En cambio, ahí donde la hegemonía de la burguesía y sus aliados estaba afianzada, la única forma de arrebatarle el poder político y transformar las relaciones de producción era a través de la formación de un “bloque histórico” de carácter “nacional-popular”: con el proletariado a la cabeza, debía formarse una alianza de las clases populares o subalternas (campesinos pobres y medios, capas progresistas de la pequeña burguesía, y, en un contexto como el Latinoamericano, los pueblos indígenas) que, cohesionada por una cultura progresista y popular (por una nueva filosofía y una nueva moral, nuevas expresiones artísticas y literarias, y una nueva espiritualidad que articulasen en clave revolucionaria las experiencias del pueblo) pudiera transformarse en una fuerza contrahegemónica, presta a disputar a la burguesía el sentido común de la sociedad en una “guerra de posiciones”, interviniendo políticamente y fracturando, finalmente, el control capitalista de los medios de producción.

Un buen ejemplo reciente de cómo el afianzamiento de esta hegemonía popular no solo puede ganar la disputa ideológica a la burguesía, sino además garantizar la vitalidad de un proceso revolucionario, es la reciente victoria del MAS en Bolivia tras el golpe de Estado contra Evo Morales en el año 2019: a pesar de la trágica derrota política, las fuerzas de la reacción no pudieron terminar de imponerse en la sociedad boliviana, pues los cambios profundos en la cultura nacional que realizara el MAS durante sus años en el poder, le habían ganado el masivo apoyo de un pueblo heterogéneo pero ideológicamente favorable a su proyecto político. Por eso, eventualmente los golpistas no tuvieron más opción que dejar de aplazar las elecciones y aceptar su derrota y el retorno al poder de sus enemigos.

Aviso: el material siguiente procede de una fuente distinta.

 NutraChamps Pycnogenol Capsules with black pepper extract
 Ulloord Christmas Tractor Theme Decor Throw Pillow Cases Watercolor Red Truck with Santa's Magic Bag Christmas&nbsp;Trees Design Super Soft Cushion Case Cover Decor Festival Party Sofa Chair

Por supuesto, el golpe contra Morales también deja la lección de que una victoria en la guerra de posiciones no garantiza la continuidad ininterrumpida de la revolución; también es necesario estar preparados para ganar en la guerra de maniobras, para defender por las armas la transformación de la sociedad cuando los reaccionarios lo hacen necesario. No obstante, queda claro que el pensamiento de Antonio Gramsci, lejos de implicar una ruptura con el marxismo-leninismo, representa un desarrollo crucial, verdaderamente dialéctico, de la teoría materialista de la historia, de gran importancia para pensar el contexto de las democracias burguesas contemporáneas.